>>

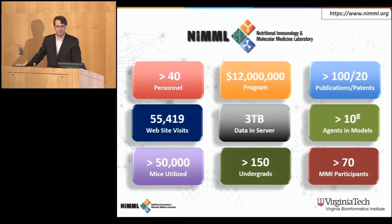Some figures and data — some food for thought. Counting students and other personnel, we have about 40 members in the lab. Over the years we've generated about 12 million dollars in funding. We have over 100 publications and 20 patents. Our website has had about 55,000 visitors over the last few years. We generate a tremendous amount of data — a lot from animal models, mice and pigs, and some from humans. In collaboration with NDSSL, we are simulating models that scale up to 10 to the 8.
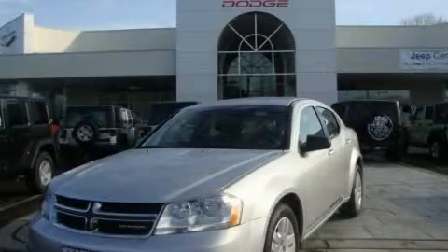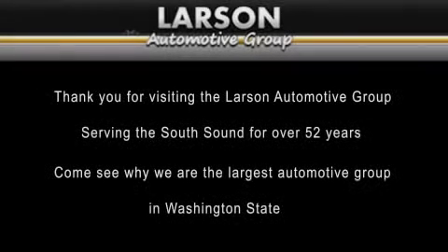Contact us today to arrange your test drive. Thank you for visiting the Larson Automotive Group, serving the South Sound for over 52 years. Come see why we're the largest automotive group in Washington State.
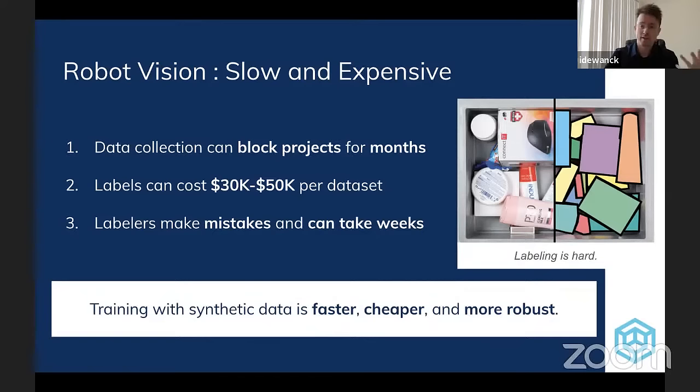Another issue is that when you ask people to do these annotations, they can make mistakes. That example image on the right shows the heavily detailed scenes that industrial robots are reasoning about, and asking people to very carefully define the boundaries of objects becomes difficult at scale. Part of what SVX is very excited about is the promise of training with synthetic data, because we believe it's faster, cheaper, and more robust to build these deep learning models and ultimately solve the tasks you need for your robot application.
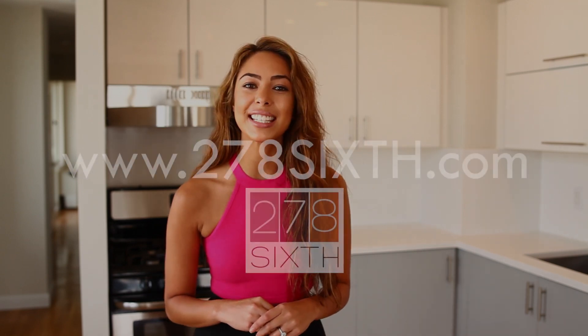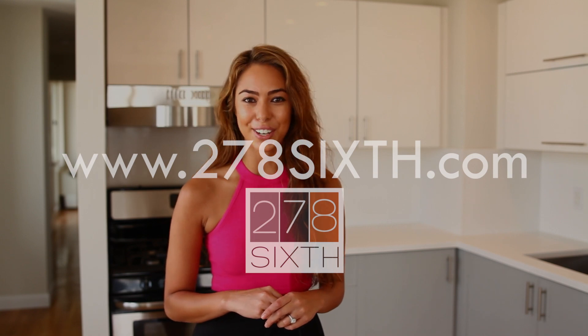Thanks for dropping in on another segment of Living in BK with Brooklyn Buzz. For more information on 278 6th, go to 2786.com.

<<

Please repeat exactly the data above from its first line to the line that contains "Contact us today", inclusive, and leave every picture out.

Some figures and data — some food for thought. Counting students and other personnel, we have about 40 members in the lab. Over the years we've generated about 12 million dollars in funding. We have over 100 publications and 20 patents. Our website has had about 55,000 visitors over the last few years. We generate a tremendous amount of data — a lot from animal models, mice and pigs, and some from humans. In collaboration with NDSSL, we are simulating models that scale up to 10 to the 8.
Contact us today to arrange your test drive. Thank you for visiting the Larson Automotive Group, serving the South Sound for over 52 years. Come see why we're the largest automotive group in Washington State.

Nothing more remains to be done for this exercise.